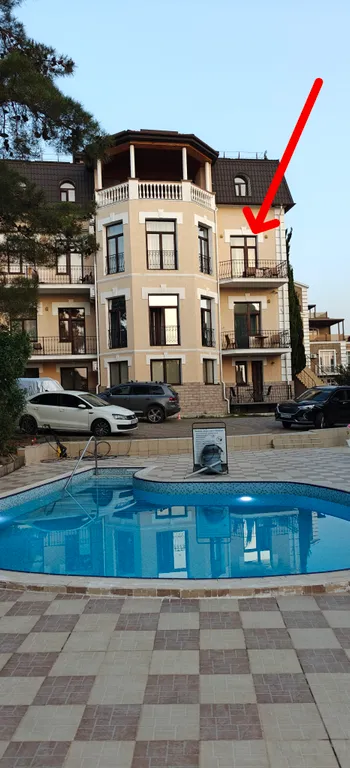 Видовой апартамент с двумя балконами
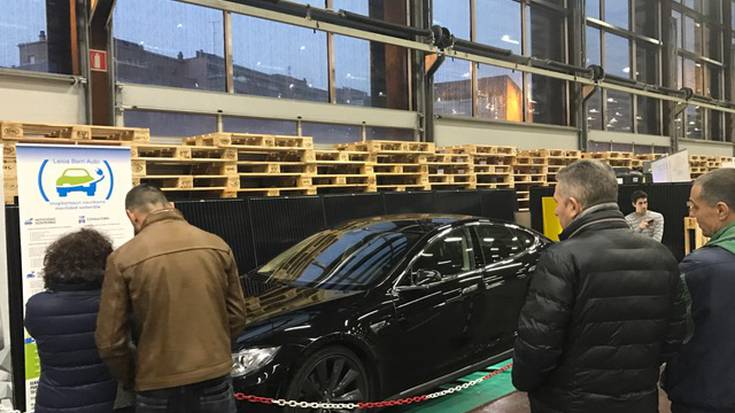 8.700 bisitari izan ditu Berdeago azokak
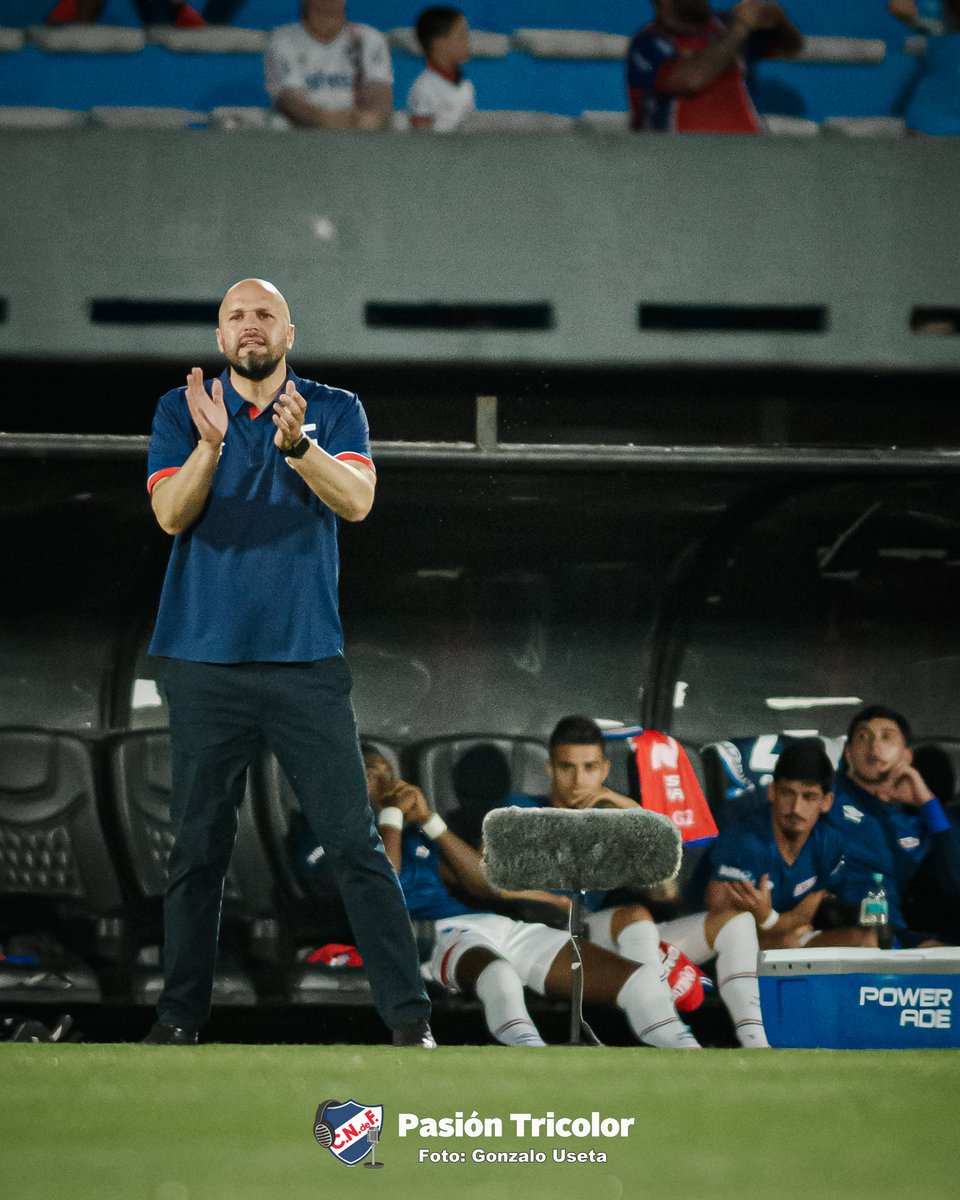 "Hoy quedó licenciado el plantel. Ya les pasamos un plan de entrenamiento. Mañana el profe les va a pasar lo que tienen que hacer, en unos videos. Les pasamos el peso con el que tienen que volver"

Jadson Viera EN VIVO
#PasiónTricolorPlay
▶️youtube.com/watch?v=Juzlim…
* * *
## Problem
Copy out the entries above in full and exactly, skipping every picture.

## Reply
 Видовой апартамент с двумя балконами
 8.700 bisitari izan ditu Berdeago azokak
 "Hoy quedó licenciado el plantel. Ya les pasamos un plan de entrenamiento. Mañana el profe les va a pasar lo que tienen que hacer, en unos videos. Les pasamos el peso con el que tienen que volver"

Jadson Viera EN VIVO
#PasiónTricolorPlay
▶️youtube.com/watch?v=Juzlim…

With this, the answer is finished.